Responding to an article in the April 1, 2019 edition of the WSJ entitled: "Theory Behind Democratic Proposals Gets a Public Face"
Stephanie Kelton's Modern Monetary Theory (WSJ 4/1/19), according to which the government should engage in unlimited spending since it never runs out of money, only holds true under two conditions: 1) the government holds enough collateral to cover the increased debt resulting from the spending, and 2) the central bank holds short-term interest rates near zero to prevent the cost of the debt from choking the economy.
In the case of Japan, whose national debt is $10 trillion, about twice GDP, national savings is also $10 trillion, so the debt is collateralized. Collateral for the US is even more impressive. The estimated value of government land holdings, mostly oil-producing lands leased out to the private sector, are estimated in excess of $100 trillion. Our $22 trillion gross national debt is covered many times over. That's why we can sustain low interest rates.

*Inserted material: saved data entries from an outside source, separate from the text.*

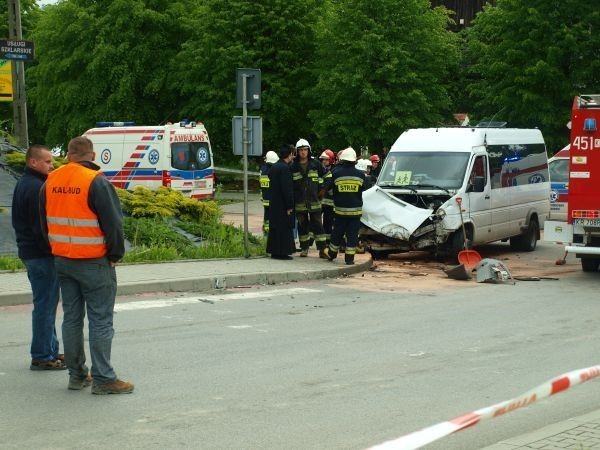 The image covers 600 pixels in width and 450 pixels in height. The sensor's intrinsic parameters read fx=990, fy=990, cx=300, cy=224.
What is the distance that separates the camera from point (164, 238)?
17062mm

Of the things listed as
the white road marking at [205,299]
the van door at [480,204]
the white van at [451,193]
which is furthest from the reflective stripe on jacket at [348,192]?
the van door at [480,204]

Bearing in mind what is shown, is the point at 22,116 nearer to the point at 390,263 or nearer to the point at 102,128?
the point at 102,128

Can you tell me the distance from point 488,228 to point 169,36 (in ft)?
105

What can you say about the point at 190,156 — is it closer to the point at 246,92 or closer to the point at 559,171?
the point at 559,171

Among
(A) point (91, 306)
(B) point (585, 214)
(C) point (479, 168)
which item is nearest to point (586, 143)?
(B) point (585, 214)

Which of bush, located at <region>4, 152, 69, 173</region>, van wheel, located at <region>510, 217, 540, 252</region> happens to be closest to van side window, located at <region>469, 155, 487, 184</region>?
van wheel, located at <region>510, 217, 540, 252</region>

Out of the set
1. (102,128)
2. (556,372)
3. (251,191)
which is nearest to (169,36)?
(251,191)

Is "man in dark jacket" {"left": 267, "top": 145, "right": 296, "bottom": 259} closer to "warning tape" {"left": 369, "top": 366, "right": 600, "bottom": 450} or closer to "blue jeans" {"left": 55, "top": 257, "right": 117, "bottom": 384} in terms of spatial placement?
"blue jeans" {"left": 55, "top": 257, "right": 117, "bottom": 384}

The second condition necessary for MMT to hold water is that the central bank must keep short-term borrowing costs near zero. The Fed's recent increase in the overnight Federal Funds rate to 2.4% eliminated the possibility for the US government to fund at the short end with interest-free money.
Here's a better idea: sell off $22 trillion of government-owned oil-producing lands managed by the Bureau of Land Management. Pay off the national debt entirely with the money raised. Sell more government-held oil lands still to pay for education, health care, and social security. In exchange, pass a balanced-budget amendment to stop elevated debt from increasing further to the point where collateral is exceeded. Without a cap on government spending, eventually debt exceeds collateral and we are all in big trouble.